= Activity =
Retype the records below word for word and omit any image.

--------------------

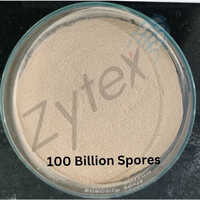 Probiotic Culture Of Bacillus Coagulans Powder - Purity: High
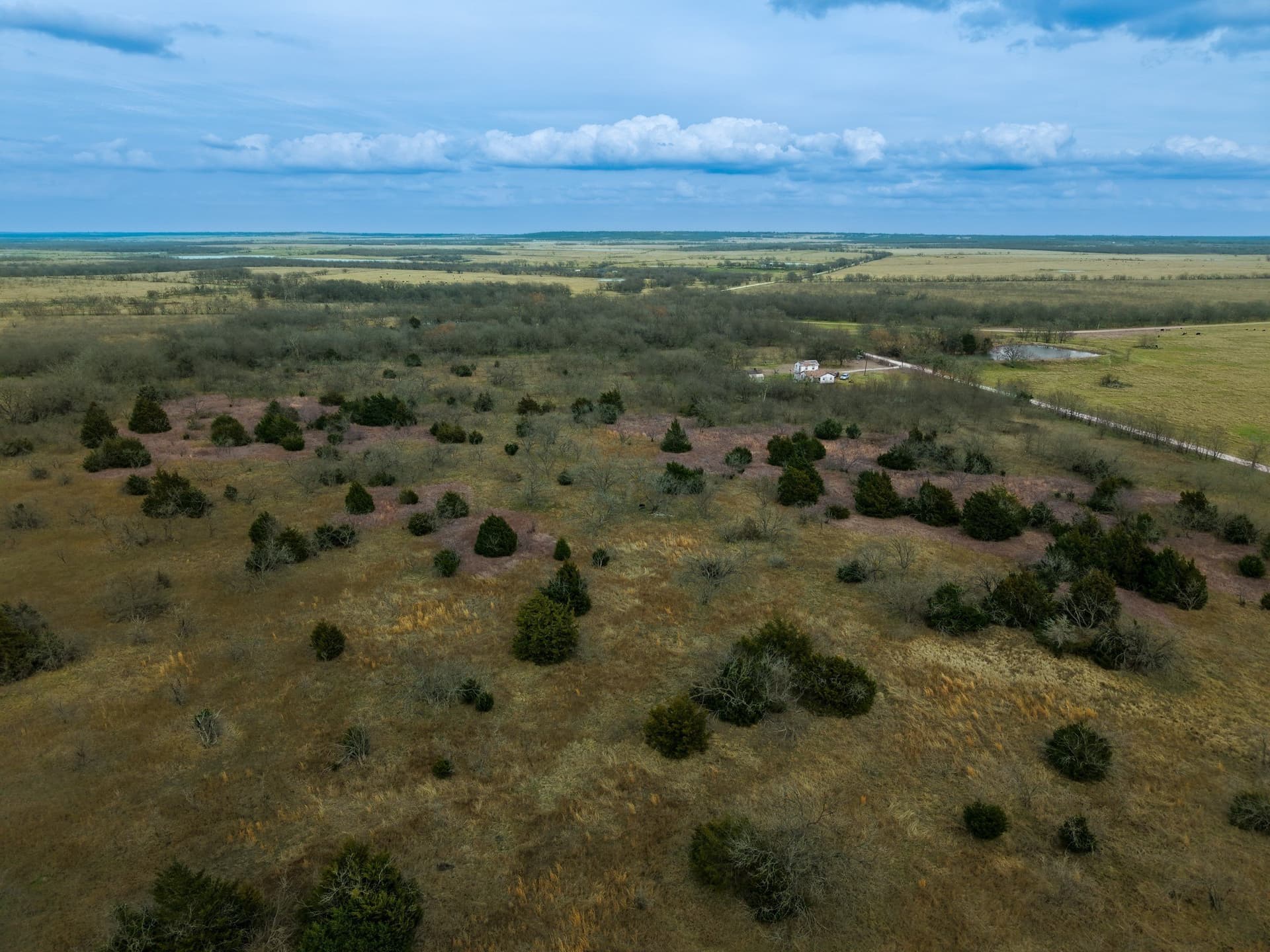32 acres in Limestone County - photo 13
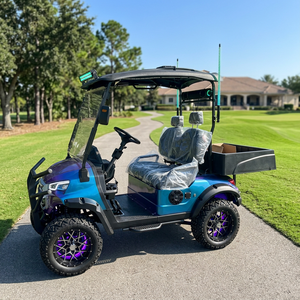 Véhicule tout-terrain électrique surélevé 2 places avec boîte de chargement, barre lumineuse LED sur le toit et barre de protection avant, chariot de golf - Product Image 3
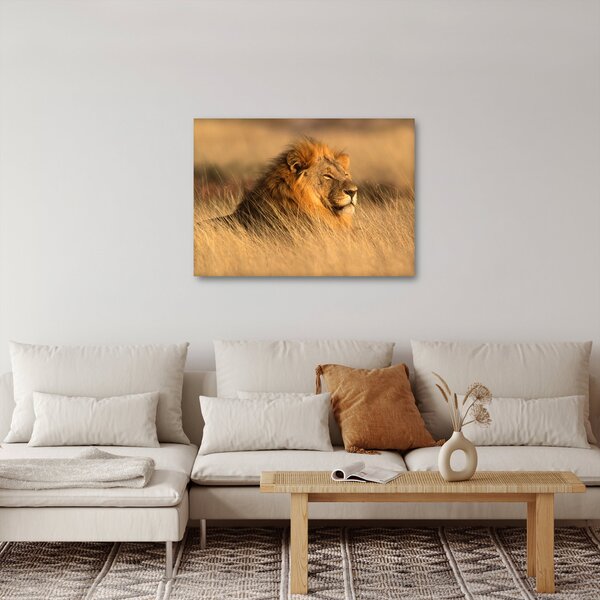 Obraz - Národní park Etosha (70x50 cm)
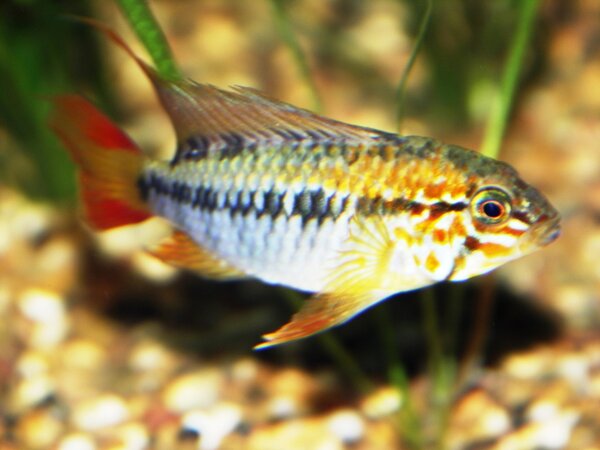 Apistogramma viejita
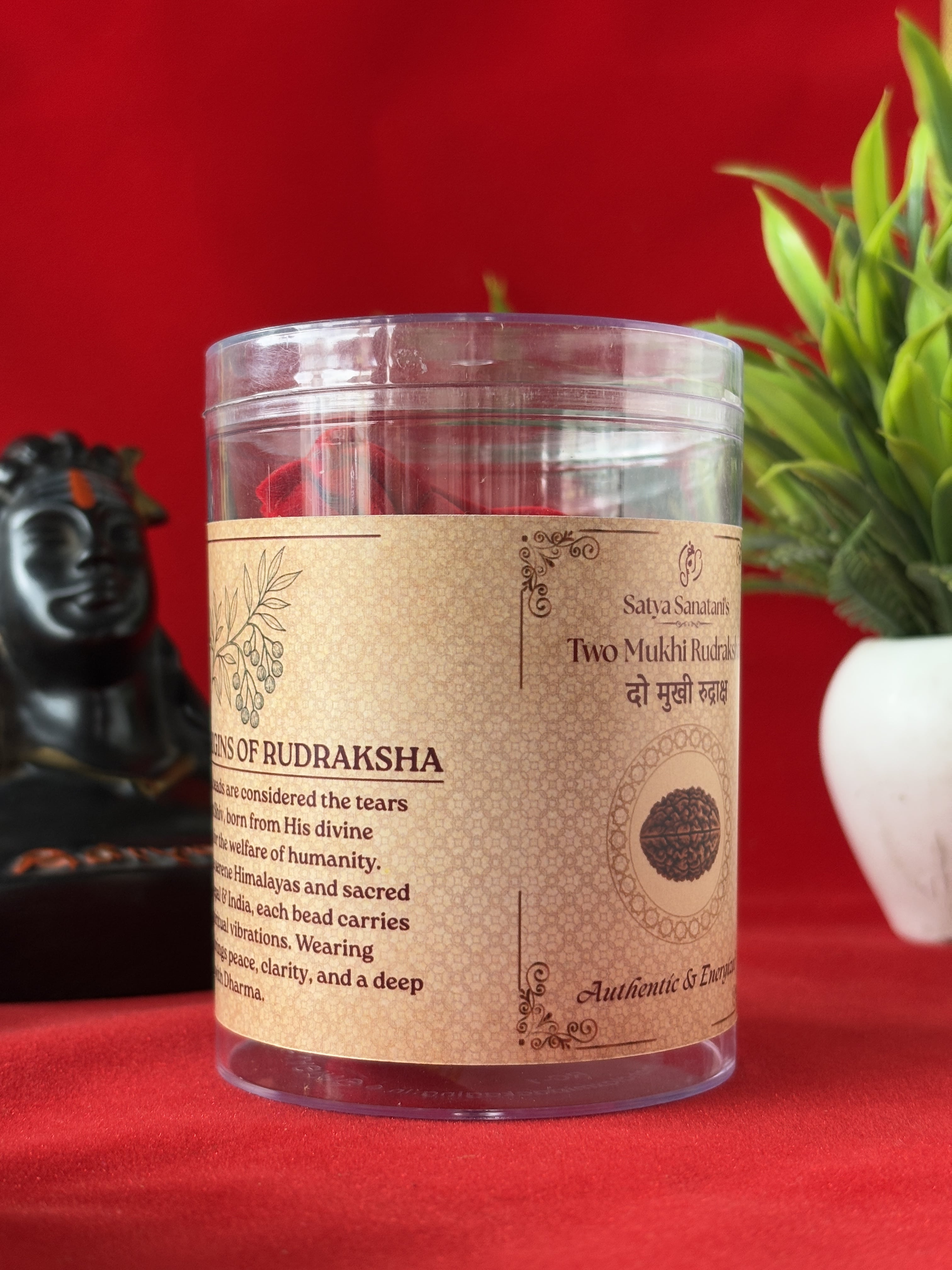 Original 2 Mukhi Rudraksha Pendant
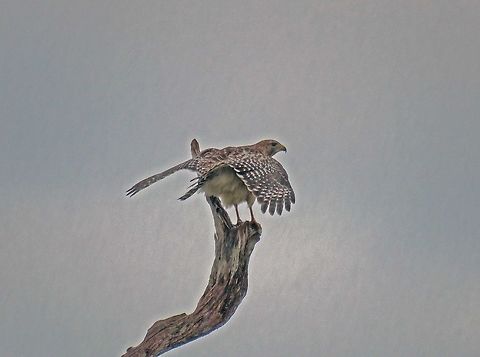 Hawk Spreads Wings in the Rain                                Taken during a downpour at Green Cay Wetlands in Southeast Florida USA Buteo lineatus,Fall,Geotagged,Red-shouldered Hawk,United States
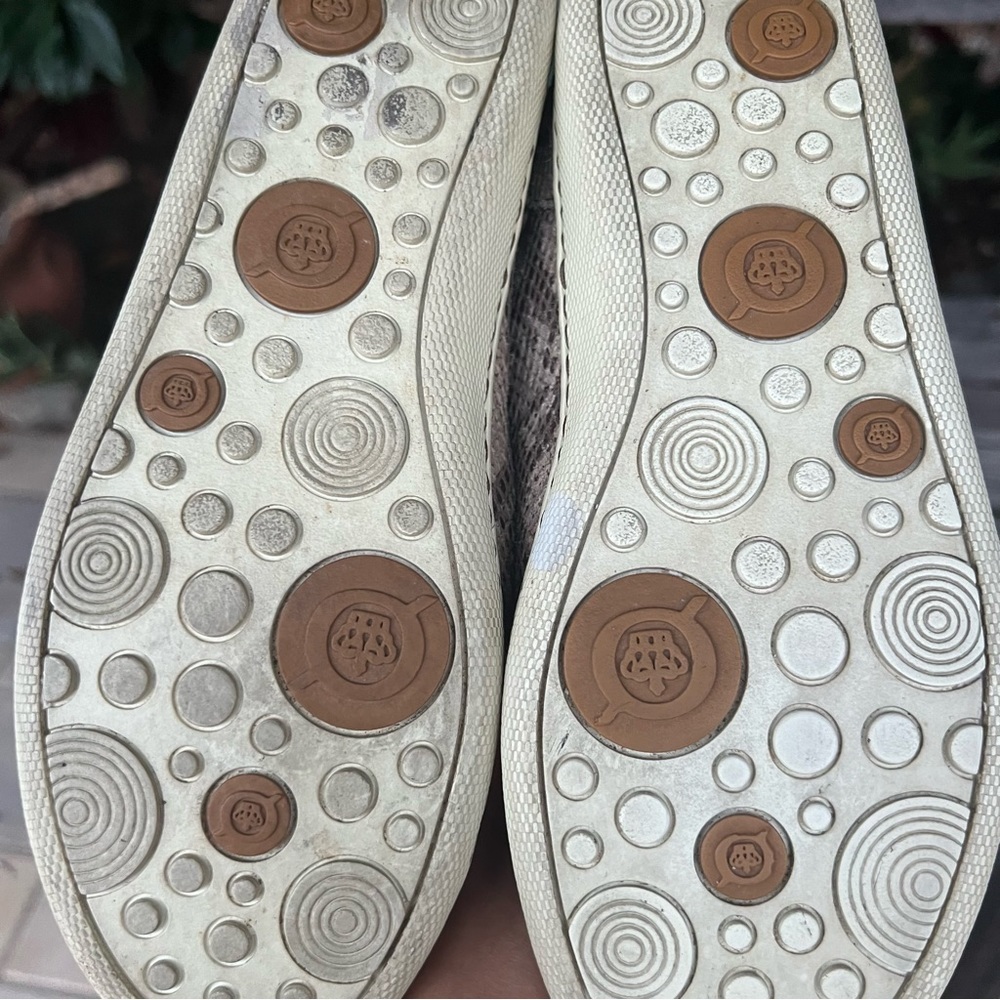 BORN Leather snake print sneakers|6.5 - Picture 6 of 7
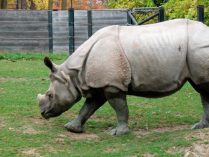 Hábitat del rinoceronte de Java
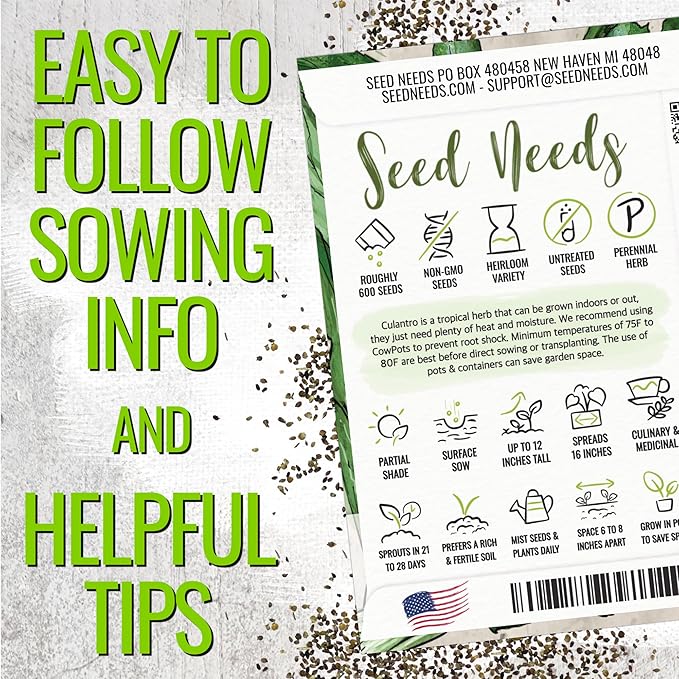Seed Needs Culantro Seeds for Planting Mexican Coriander - Non-GMO Heirloom & Untreated Culinary/Medicinal Herbs to Grow an Indoor/Outdoor Herb Garden (5 Packs)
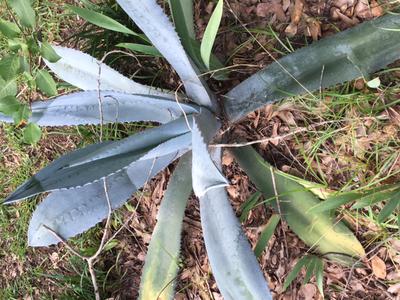 yucca plant/blue agave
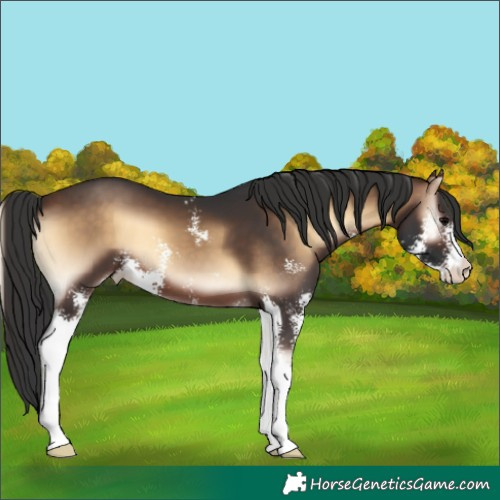 Horse Color:Brown Onyx Sabino 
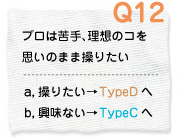 Q12 プロは苦手、理想のコを思いのまま操りたい a.操りたい→TypeDへ　b.興味ない→TypeCへ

--------------------

= Task answer =
 Probiotic Culture Of Bacillus Coagulans Powder - Purity: High
32 acres in Limestone County - photo 13
 Véhicule tout-terrain électrique surélevé 2 places avec boîte de chargement, barre lumineuse LED sur le toit et barre de protection avant, chariot de golf - Product Image 3
 Obraz - Národní park Etosha (70x50 cm)
 Apistogramma viejita
 Original 2 Mukhi Rudraksha Pendant
 Hawk Spreads Wings in the Rain                                Taken during a downpour at Green Cay Wetlands in Southeast Florida USA Buteo lineatus,Fall,Geotagged,Red-shouldered Hawk,United States
 BORN Leather snake print sneakers|6.5 - Picture 6 of 7
 Hábitat del rinoceronte de Java
Seed Needs Culantro Seeds for Planting Mexican Coriander - Non-GMO Heirloom & Untreated Culinary/Medicinal Herbs to Grow an Indoor/Outdoor Herb Garden (5 Packs)
 yucca plant/blue agave
 Horse Color:Brown Onyx Sabino 
 Q12 プロは苦手、理想のコを思いのまま操りたい a.操りたい→TypeDへ　b.興味ない→TypeCへ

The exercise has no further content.